ASSIGNED TASK: Repeat exactly the lines of the records below, starting at the line containing "Leslie Gulch Eastern" and ending at the line containing "Front Exterior View". Leave the pictures out.
START DATA FOR ANALYSIS
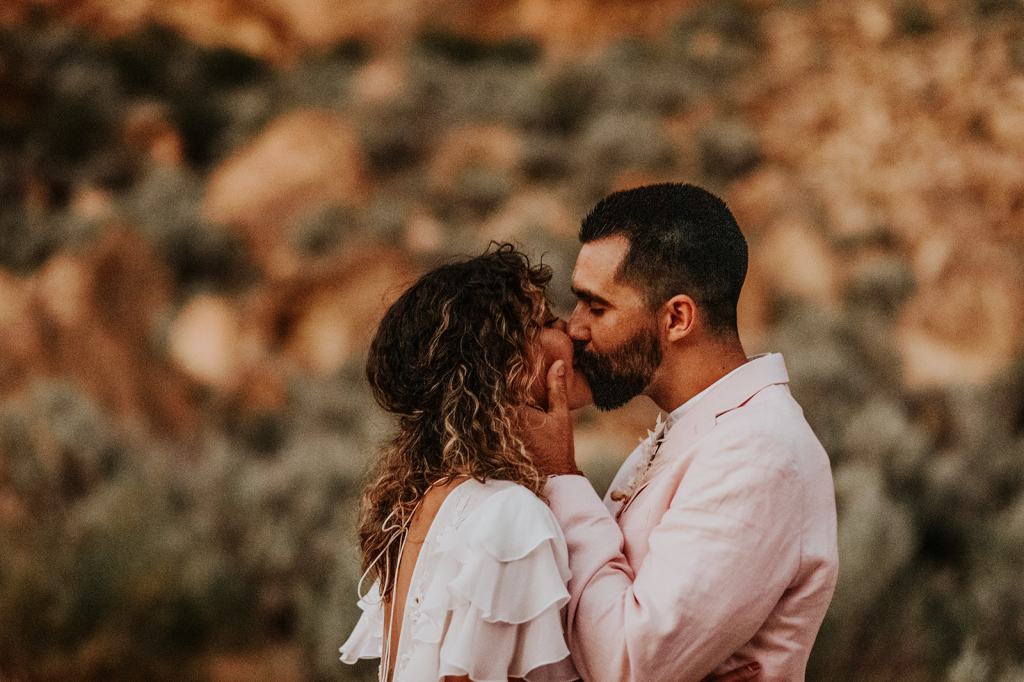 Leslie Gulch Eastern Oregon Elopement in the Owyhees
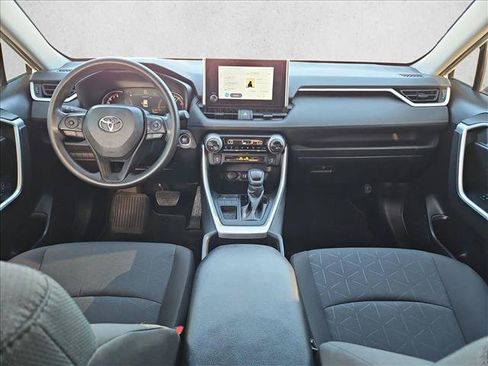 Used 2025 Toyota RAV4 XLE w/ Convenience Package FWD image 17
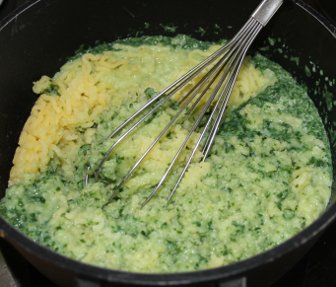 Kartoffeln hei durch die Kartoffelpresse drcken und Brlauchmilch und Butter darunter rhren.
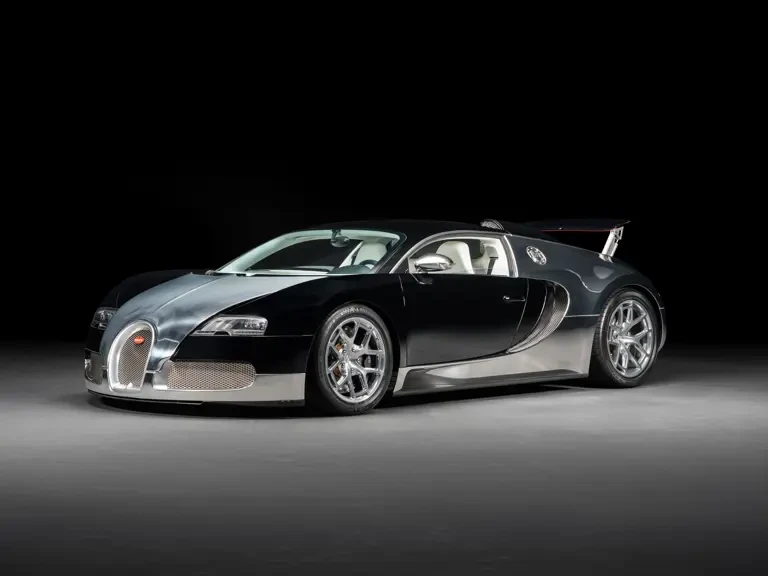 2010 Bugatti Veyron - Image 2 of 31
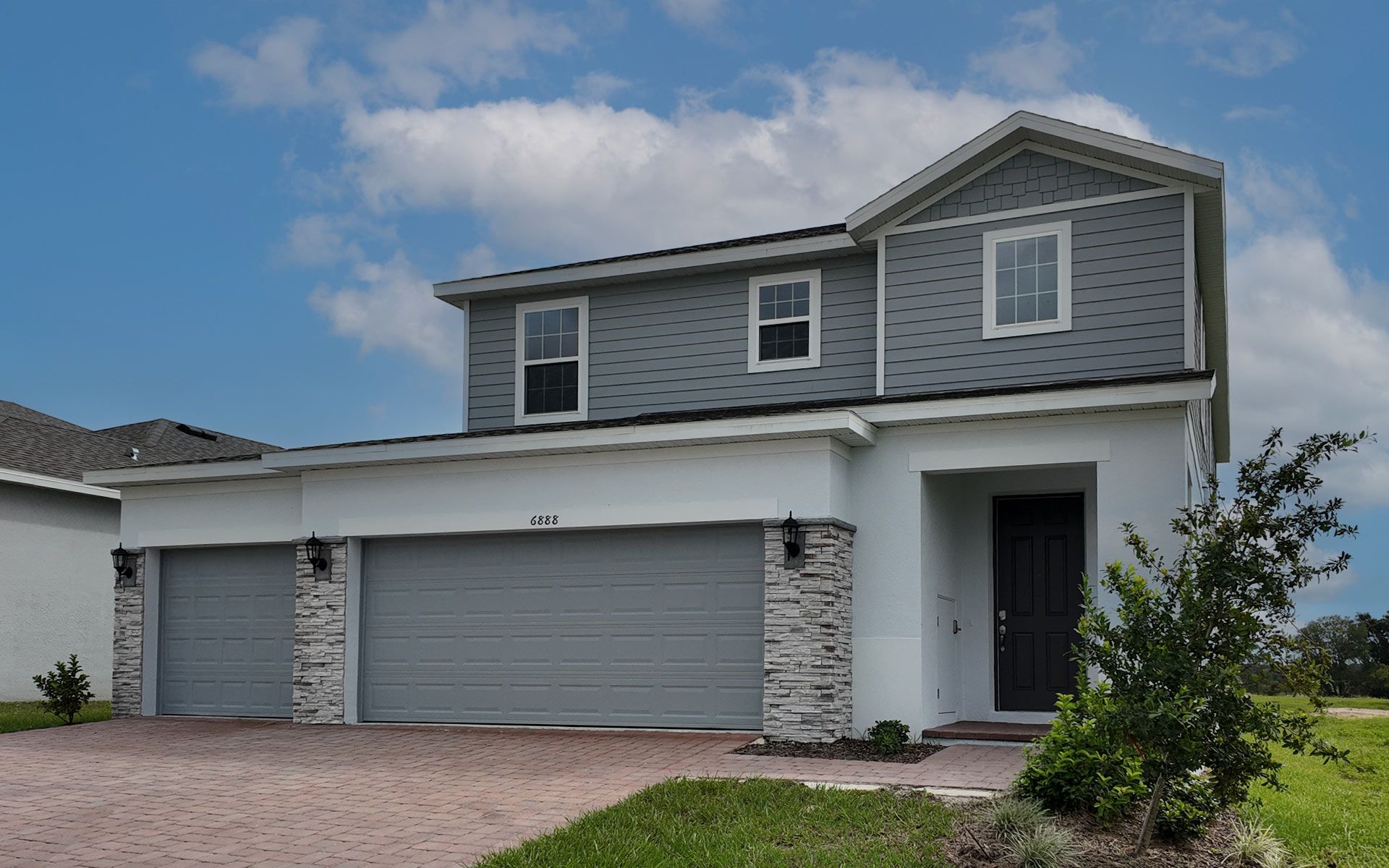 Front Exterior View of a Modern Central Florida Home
END DATA FOR ANALYSIS
START DATA FOR ANALYSIS
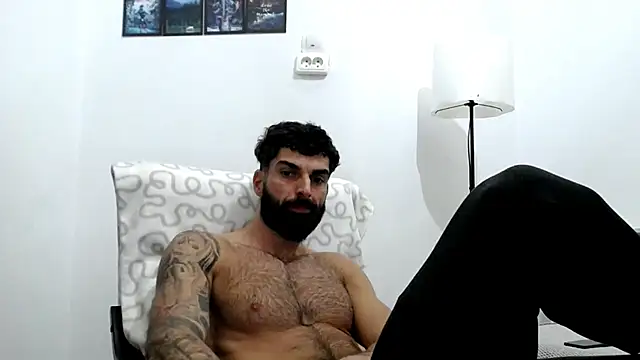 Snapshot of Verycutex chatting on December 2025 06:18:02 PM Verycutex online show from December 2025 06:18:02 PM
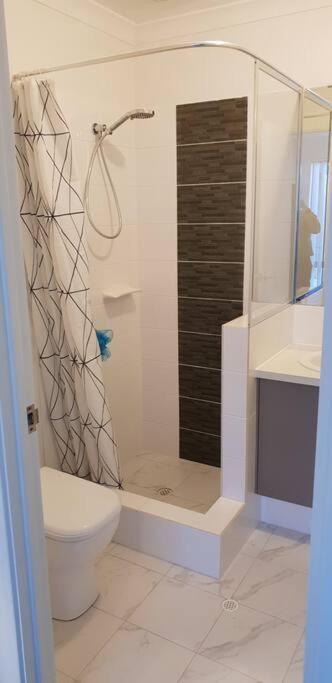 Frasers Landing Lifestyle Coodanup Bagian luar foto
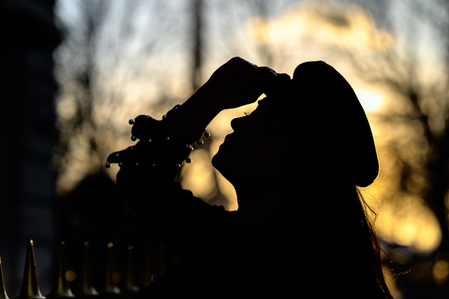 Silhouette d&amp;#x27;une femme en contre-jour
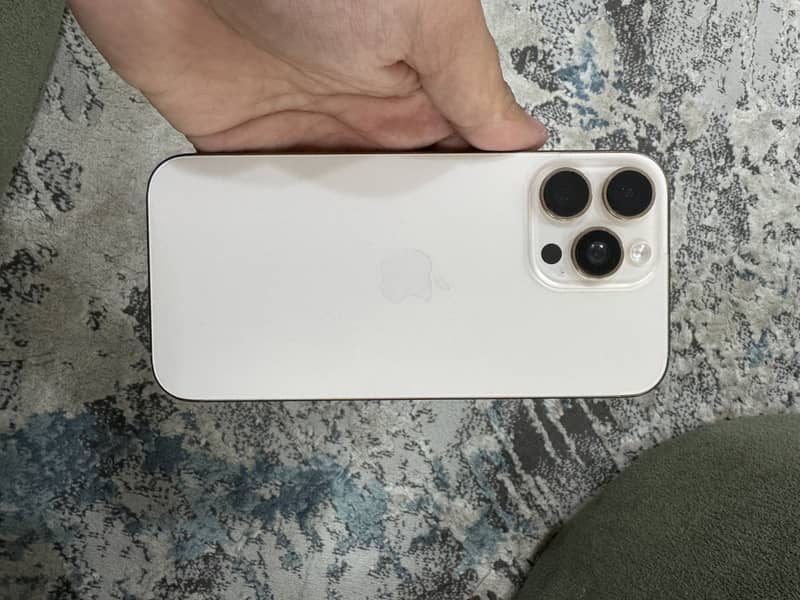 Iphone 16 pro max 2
END DATA FOR ANALYSIS
TASK RESULT:
 Leslie Gulch Eastern Oregon Elopement in the Owyhees
 Used 2025 Toyota RAV4 XLE w/ Convenience Package FWD image 17
 Kartoffeln hei durch die Kartoffelpresse drcken und Brlauchmilch und Butter darunter rhren.
 2010 Bugatti Veyron - Image 2 of 31
 Front Exterior View of a Modern Central Florida Home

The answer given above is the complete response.